From inside the crater, we went around to the back of it for more snorkeling then returned to a spot just offshore that had been my highlight of the trip two years ago and was again yesterday: the sea-turtle "washing station." It was a spot 50-60 yards offshore where turtles come to rest and fish come to eat the stuff that has adhered to the turtle's shell. We saw a couple of examples of that and at least a dozen different turtles of various sizes. The kids loved it. They also enjoyed feeding finches as we made our way back to the boat dock.

After a breather and some sandwiches back at the condo, we headed to Po'olenalena Beach. The kids had spent five hours in the water there on Saturday, playing in the waves and with their boogie boards. The water is much safer here than on Big Beach, which means that Mark and I can read a bit instead of having our eyes constantly glued on the kids.

I knew the day had been going too well. It was bound to happen, and it did: the boys started fighting over a boogie board. We had to allot times to each, but that system quickly broke down. I was approaching wrist-slashing territory (again), when Mark came up with a brilliant idea. 

"Ok, kids," he announced. "Tell you what. We will pay $20 to anyone who catches a sand crab." Eyes widened, and they were off. Each of the boys grabbed a weapon (a large sand shovel) and headed off toward mid-beach, while Esther and Annie staked out a territory near the end of the beach. 

Now, I should perhaps explain that we felt we had made a very safe bet. Sand crabs are notoriously fast. They pop out of the sand and scurry across the beach, immediately retreating if they sense they are threatened. But the kids were tenacious: for the next 90 minutes, they were hard at it. Mark and I, meanwhile, gloated a little over our successful diversion as we enjoyed virtually uniterrupted reading time. We knew we were tempting fate but couldn't help ourselves.

The boys, who were much closer to us than the girls, employed a variety of stratagems. These included the following: trying to set a trap with a pail; waiting for a crab to surface, then pouncing on it, scooping up the sand where the crab had dived; pounding on the sand with a shovel; jumping up and down on a spot where a crab had surfaced; and throwing a shovel full of a sand at a spot. We had not, after all, specified whether the crab had to be alive.

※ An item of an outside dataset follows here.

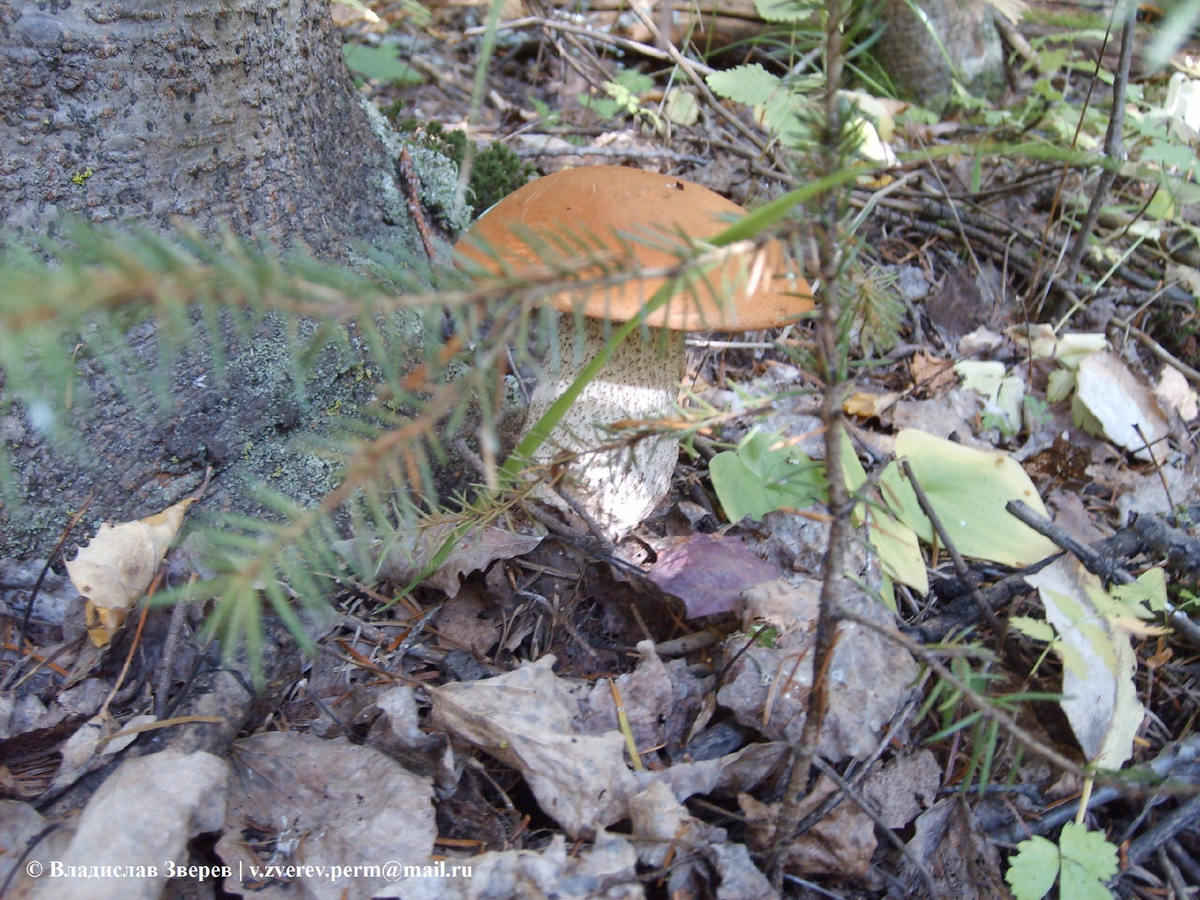 Фото 2. Гриб красноголовик.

Above: Levi pounces. Below, Aaron waits, ready to spring

Finally, the boys headed down to where the girls were. Suddenly, there was a commotion, then all four came hurdling down the beach towards us, each grinning from ear to ear. Esther triumphantly opened her hand to reveal a teeny-tiny sand crab, only a fraction of the size of the crabs we had challenged them to find. But we couldn't very well back out of the deal then.

Of course, the boys immediately expressed disappointment and resentment. Both, but especially Levi, can be very competitive and aren't always (like, never) good sports when someone else wins a competition. We would now pay for gloating over our 90-minute repose. Things got ugly quickly. It was time to head back to the condo, where we would lock (we wish) the kids in their respective rooms.

The end of an afternoon on the beach

Or so I thought. We stopped at Safeway on the way back, where I went in to pick up a few things. I didn't feel the least bit guilty for leaving Mark in the van to deal with four sullen children.

When I came back out and got into the van, I thought I had stepped into a twilight zone. The children were talking happily with each other. I didn't say anything thing at the time, but later asked Mark, "What the hell happened?" 

"Well," he replied, "I had a talk with them. I told them that we're just a couple of old guys who are trying to provide them with a good time; but it's really hard on us when they start fighting with each other."

"And they bought that?" I asked.

"Sort of. Esther responded by saying, 'We know. But we're kids after all, and we're all different from each other.'"

Point taken. And so we face another day - our last full day here. We fly out tomorrow night.